Although we’ve written previously about how to prepare vehicles for shipment and how to save transportation costs and time, we’ve never addressed the other end of the process. MetroGistics would like to offer the following tips on how to prepare to receive vehicle shipments.
1. Have an allocated delivery drop area
• This will help ensure a safe unload of your vehicle(s) while maintaining the safety of the driver.
• As a rule of thumb, drivers need at least 150-175 feet of clearance (that includes the length of the truck).
2. Communicate with the transport company
• It’s always good to communicate any changes in delivery area or receiving hours to your dispatcher to avoid delays.
• You’ll also want to let your dispatcher know of any changes in infrastructure (e.g., different entry gates, low-clearance bridges, major road constructions) in your area.
• Having a point person ensures that the right vehicles are delivered to you. There are times a driver arrives at a business and can’t unload because he can’t find a person who knows about the delivery.
3. Inspect your vehicle(s)
• When your vehicle arrives, make sure to do a thorough inspection with the driver present. Drivers should perform an inspection at the time of pickup and note any existing damage, if any, on the Bill of Lading (BOL). When the origin of the shipment is an auction, any damages found are noted on the vehicle gate pass. Use the BOL to note any damages on the vehicle. The driver will keep a copy of this “condition report,” as will you. Sign the BOL only after you’ve inspected the vehicle(s).
• If your business accepts deliveries after hours, the condition report will have a Subject to Inspection (STI) stamp or signature written on it. As soon as you are able to take physical possession of the vehicle, you should still do a thorough inspection and note any and all damages.
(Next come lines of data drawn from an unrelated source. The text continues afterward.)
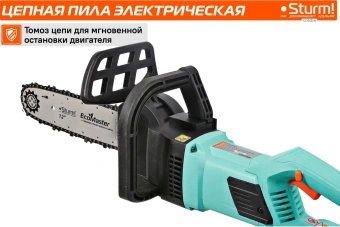 Цепная пила Sturm! CC1512LN от сети 1500Вт дл.шины:12" (30cm) - купить недорого с доставкой в интернет-магазине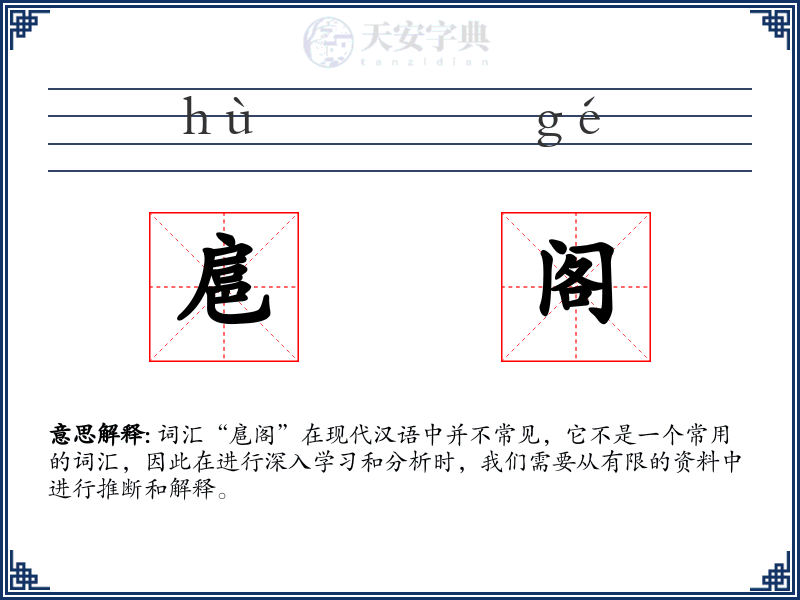 扈阁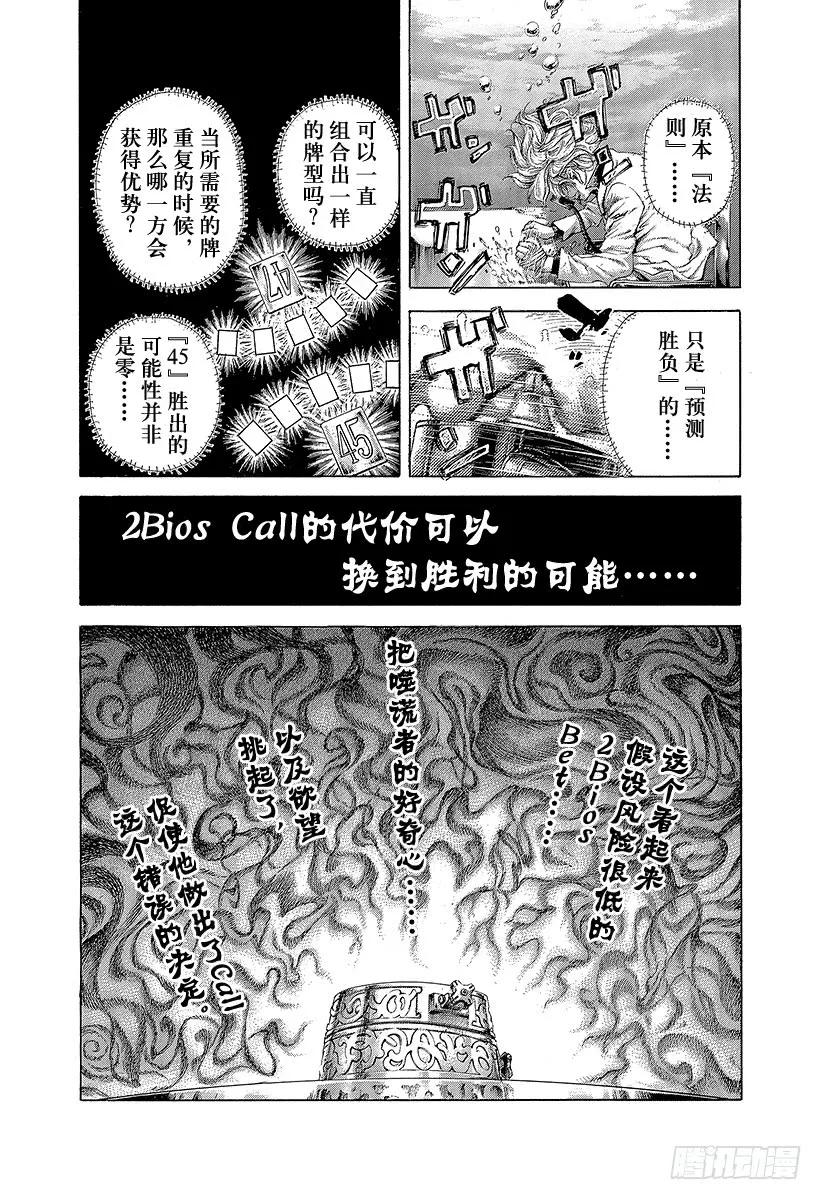 噬谎者 第445话 “灾难”和“死神” 第15页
• If you see damage, take pictures and contact the claims department at the transport company as soon as possible. Even if you do not have pictures, the sooner you report the damage to the claims department, the better.
• Signing a clean BOL will make it very difficult to file a claim.
• Also keep in mind that normal wear and tear on a pre-owned vehicle is not considered major damage.
4. Check the driver’s paperwork
• When a carrier arrives at your business, have your point person check the BOL to make sure the driver is at the correct location and verify the vehicles that are intended for your company. A carrier can have a full truckload but only one or two vehicles may be for your location.
• Many times a carrier is transporting two or three of the same type of vehicle. Always verify that the VIN number on the BOL matches the VIN plate on the vehicle.
Following these steps will ensure a smooth delivery process, and you don’t have to wait until your next order to notify your dispatcher of any changes.